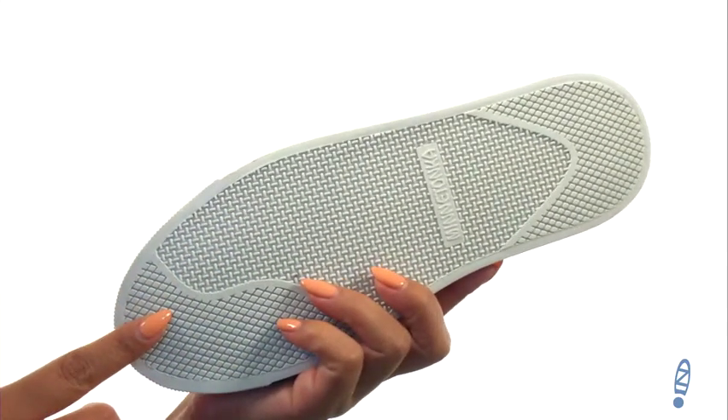Down at the bottom there's a durable rubber outsole. Comfort and style are just a few clicks away.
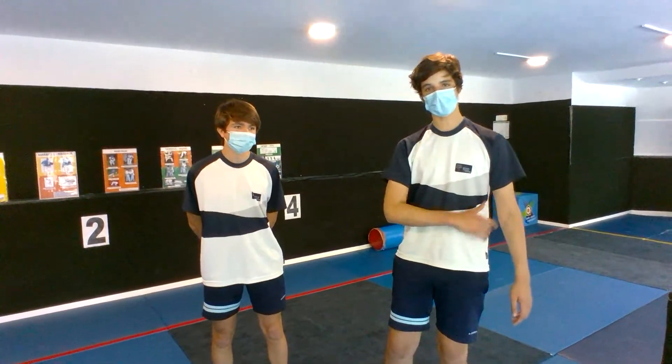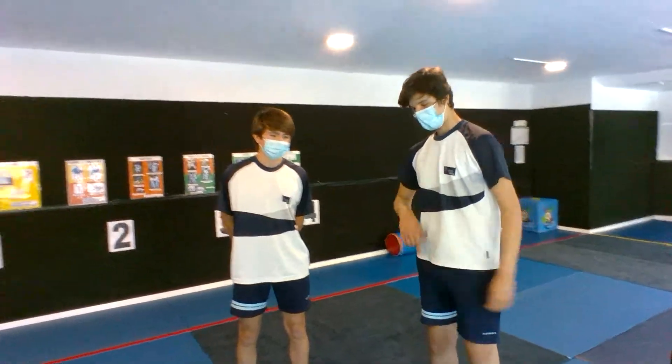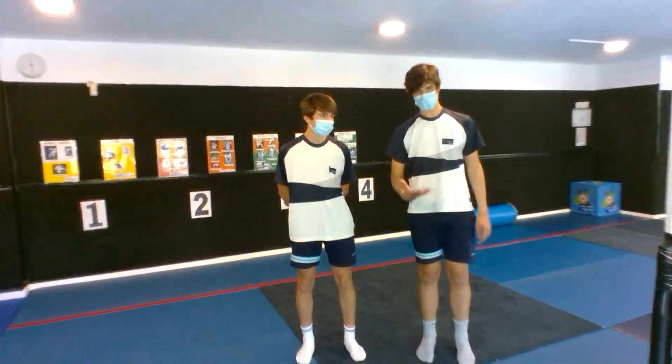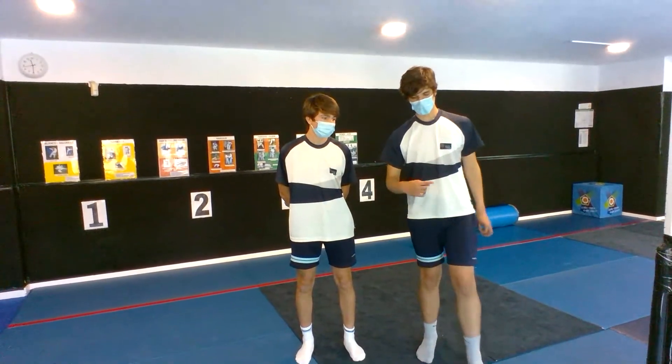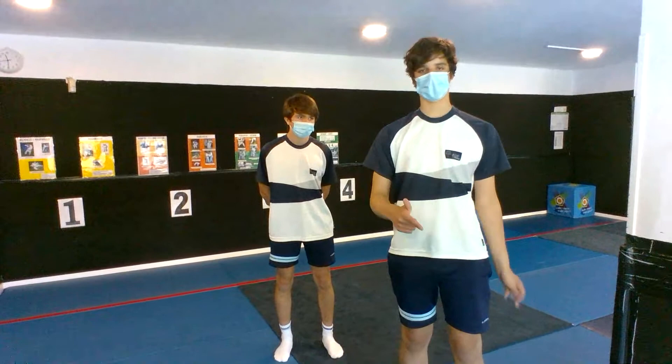Welcome everyone! Today is Active Friday — it's Legs Day. In today's workout you need to do 5 exercises: 40 seconds for each exercise, then 20 seconds rest.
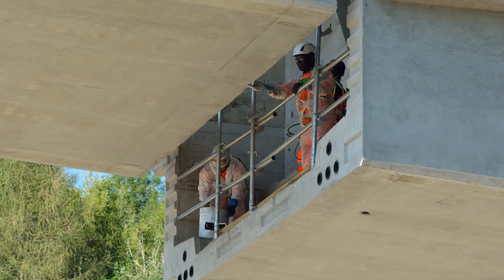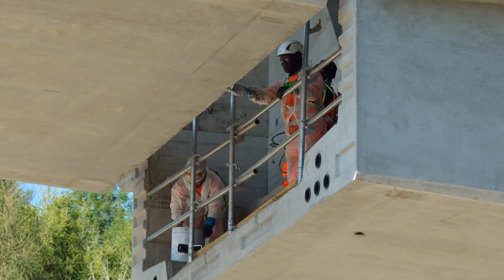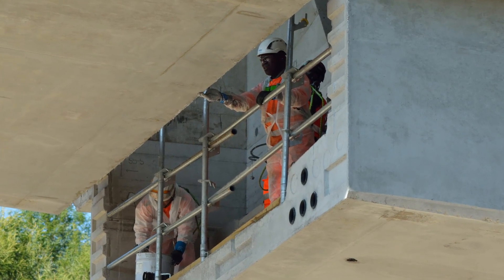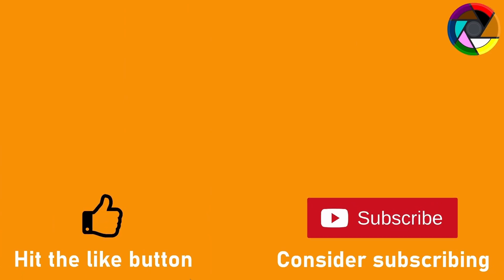I hope I gave you a sense of just how enormous this machine is. If you've enjoyed the video or found it informative, please hit that like button and consider subscribing — it really does help the channel grow and get noticed. I'll leave it there for today, so until next time, bye-bye.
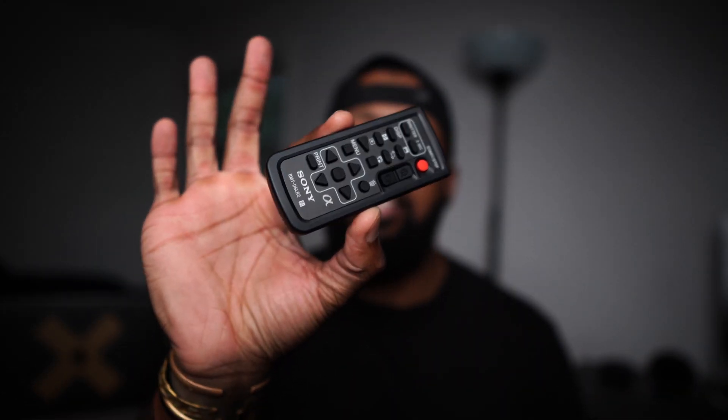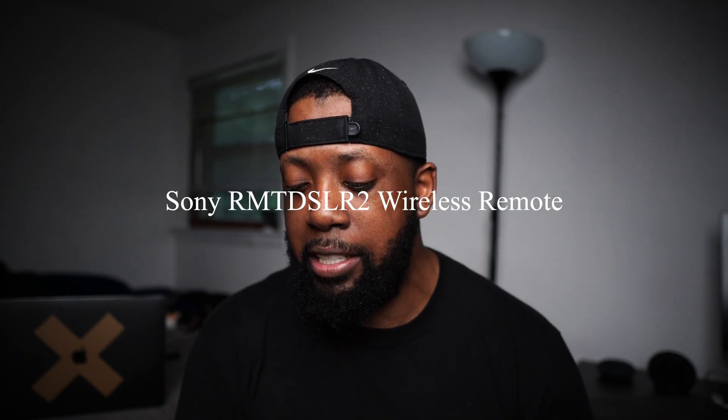The other thing I wanted to update you guys on is this little remote. Instead of reaching over to end the video all the time, I got a little remote — I'm super excited about it, it works flawlessly. This is the Sony RMT-DSLR2. I've got two remotes I'm currently using for my setup: one for the camera and one for the light. Here's a quick little test — if I'm ever done with the video I can just click it off and boom, I'm back on.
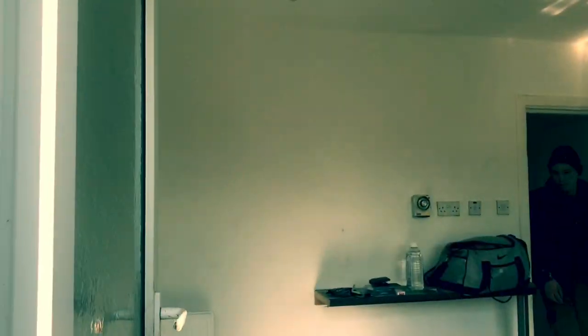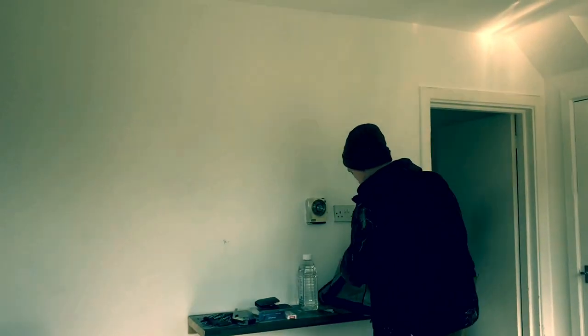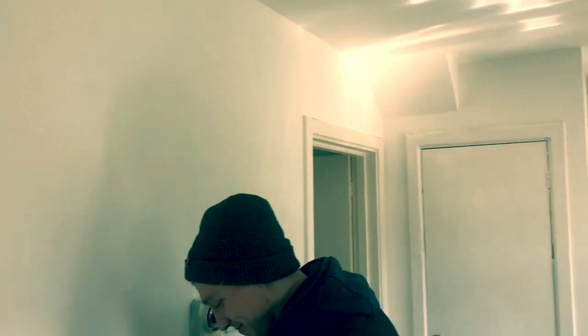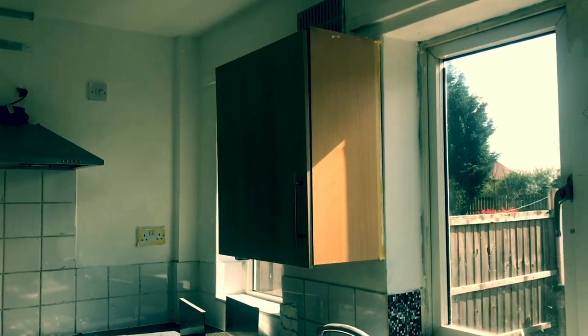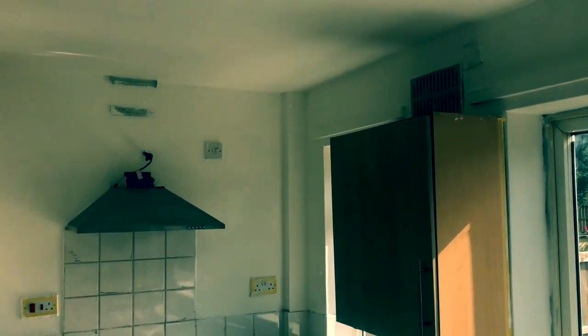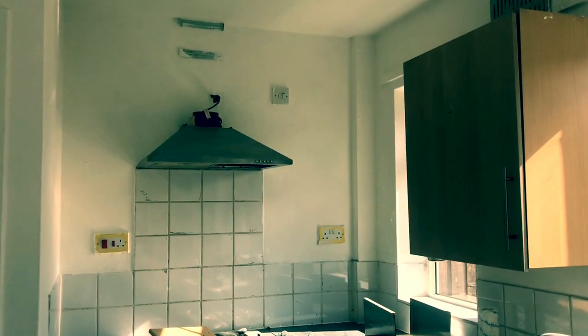We'll have a look inside. The tiles still need a bit of re-grouting and the kitchen cupboards have all got the bits ready to fix. It's just decorative now really, what's going on.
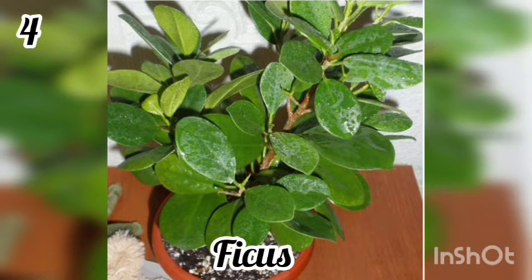4. Ficus. Ficus is very good at purifying the air. It is known to remove formaldehyde, benzene, and ammonia from the air.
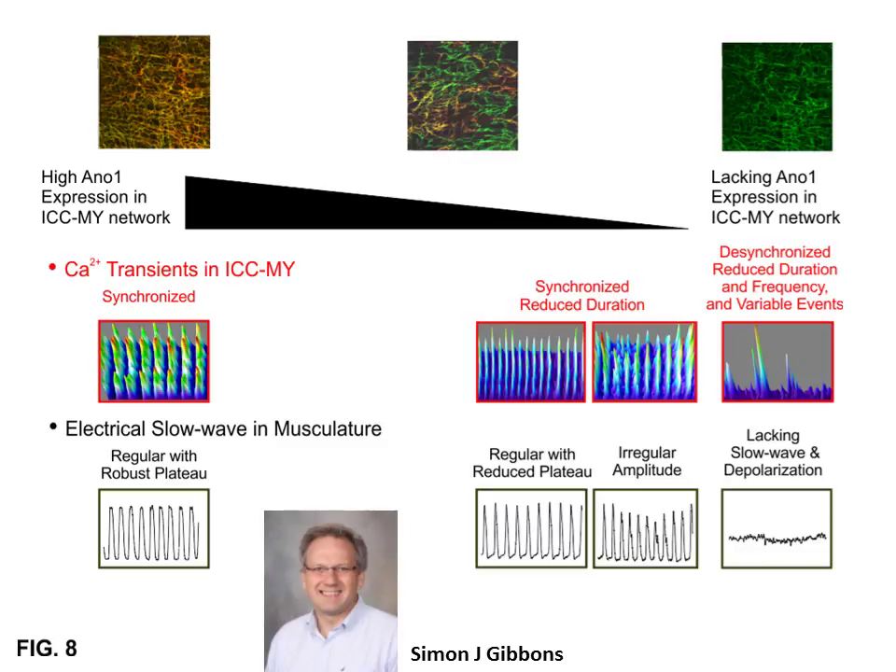In summary, our studies point to the following model. As the proportion of ANO1-positive ICC in the ICC-MY network decreases, so does the duration of both the intracellular calcium transients in ICC-MY and the slow wave recorded from the musculature. In situations where ANO1 was knocked out in practically all ICC in a field, then the intracellular calcium transients were desynchronized, electrical slow waves were absent, and the membrane voltage was depolarized.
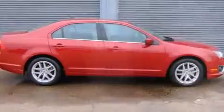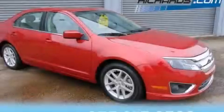This automobile won't last long at this price. Call and arrange a test drive now.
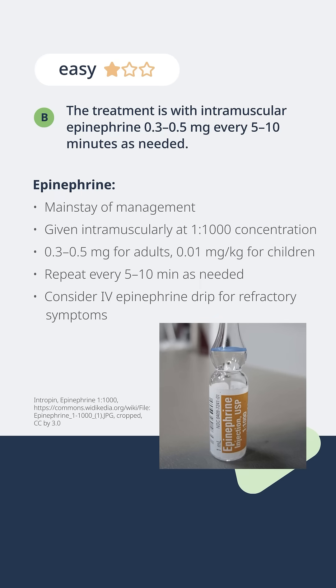The adult dose is 0.3 to 0.5 milligrams. The pediatric dose is 0.01 mg per kg, which you can calculate based on the child's actual or estimated body weight. But for an adult, it's very straightforward: 0.3 to 0.5.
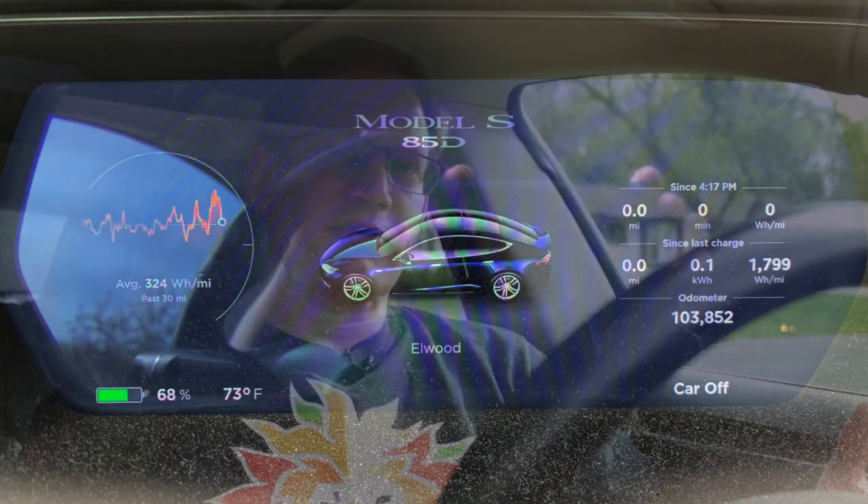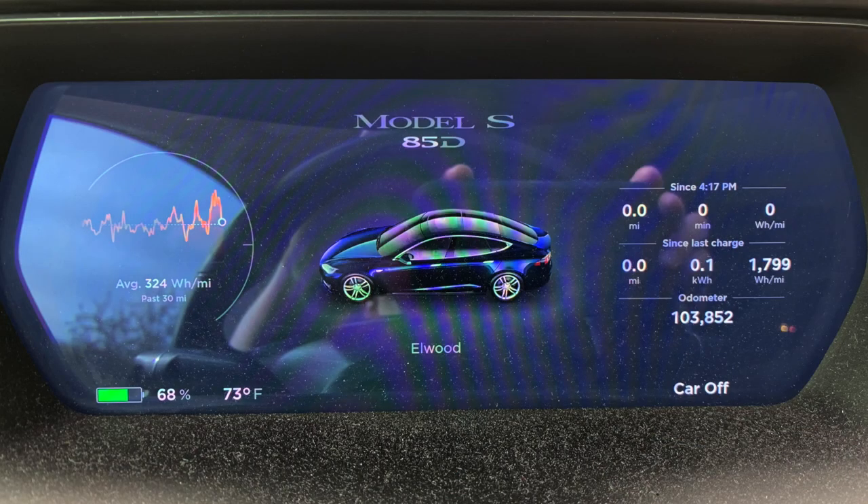Well, that was quite an adventure. Let's take a look at the consumption numbers. We went about 50 feet at an average of 1,799 watt-hours per mile. Not very efficient, but we did have the doors open as we were getting the camera shots set up. This road trip — or really a driveway trip — is just an excuse to have a little fun.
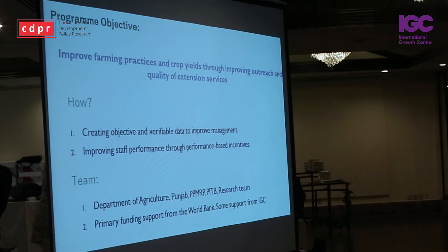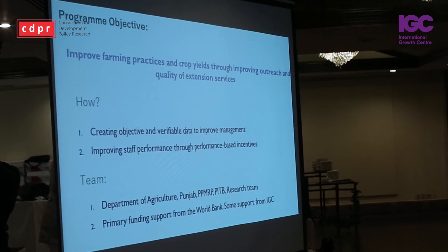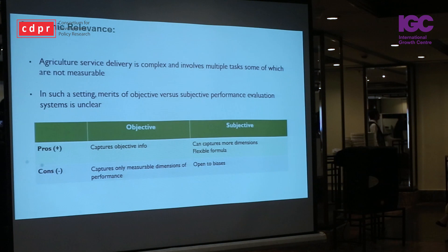IT can be used in several ways, but one really effective use is to create good management systems to improve governance. For example, IT systems can help create verifiable objective data on what the staff is doing in the field, and this information can be combined with performance management systems to improve both extension outreach and quality.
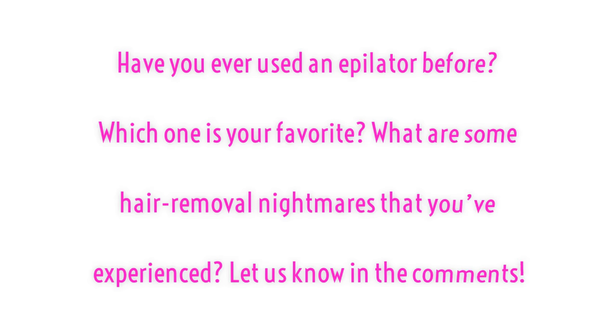Have you ever used an epilator before? Which one is your favorite? What are some hair removal nightmares that you've experienced? Let us know in the comments below.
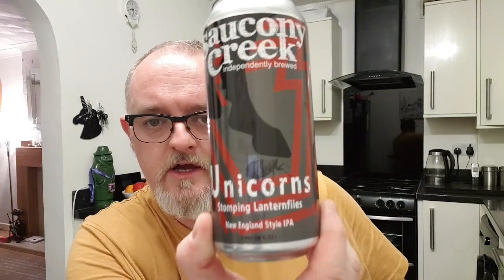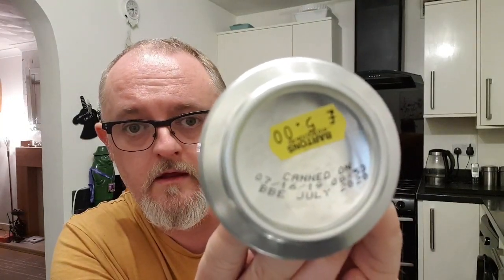So this is Saucony Creek's Unicorn Stomping Lanternflies, a New England style IPA. I got this at the Mighty Bartons in Ashton-in-Makerfield, it cost me five quid. It's been imported — countdown date is the 16th July, and the best before is July 2020. The price tag is five quid and it is seven point five percent, right there on the can — a little bit hard to see.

+ + + + +

▸ **TASK DIRECTIONS**: Leave the images out as you retype each line of the material exactly.

▸ **WRITTEN SOLUTION**:
Down at the bottom there's a durable rubber outsole. Comfort and style are just a few clicks away.
Welcome everyone! Today is Active Friday — it's Legs Day. In today's workout you need to do 5 exercises: 40 seconds for each exercise, then 20 seconds rest.
I hope I gave you a sense of just how enormous this machine is. If you've enjoyed the video or found it informative, please hit that like button and consider subscribing — it really does help the channel grow and get noticed. I'll leave it there for today, so until next time, bye-bye.
The other thing I wanted to update you guys on is this little remote. Instead of reaching over to end the video all the time, I got a little remote — I'm super excited about it, it works flawlessly. This is the Sony RMT-DSLR2. I've got two remotes I'm currently using for my setup: one for the camera and one for the light. Here's a quick little test — if I'm ever done with the video I can just click it off and boom, I'm back on.
We'll have a look inside. The tiles still need a bit of re-grouting and the kitchen cupboards have all got the bits ready to fix. It's just decorative now really, what's going on.
4. Ficus. Ficus is very good at purifying the air. It is known to remove formaldehyde, benzene, and ammonia from the air.
In summary, our studies point to the following model. As the proportion of ANO1-positive ICC in the ICC-MY network decreases, so does the duration of both the intracellular calcium transients in ICC-MY and the slow wave recorded from the musculature. In situations where ANO1 was knocked out in practically all ICC in a field, then the intracellular calcium transients were desynchronized, electrical slow waves were absent, and the membrane voltage was depolarized.
This automobile won't last long at this price. Call and arrange a test drive now.
The adult dose is 0.3 to 0.5 milligrams. The pediatric dose is 0.01 mg per kg, which you can calculate based on the child's actual or estimated body weight. But for an adult, it's very straightforward: 0.3 to 0.5.
Well, that was quite an adventure. Let's take a look at the consumption numbers. We went about 50 feet at an average of 1,799 watt-hours per mile. Not very efficient, but we did have the doors open as we were getting the camera shots set up. This road trip — or really a driveway trip — is just an excuse to have a little fun.
IT can be used in several ways, but one really effective use is to create good management systems to improve governance. For example, IT systems can help create verifiable objective data on what the staff is doing in the field, and this information can be combined with performance management systems to improve both extension outreach and quality.
Have you ever used an epilator before? Which one is your favorite? What are some hair removal nightmares that you've experienced? Let us know in the comments below.
So this is Saucony Creek's Unicorn Stomping Lanternflies, a New England style IPA. I got this at the Mighty Bartons in Ashton-in-Makerfield, it cost me five quid. It's been imported — countdown date is the 16th July, and the best before is July 2020. The price tag is five quid and it is seven point five percent, right there on the can — a little bit hard to see.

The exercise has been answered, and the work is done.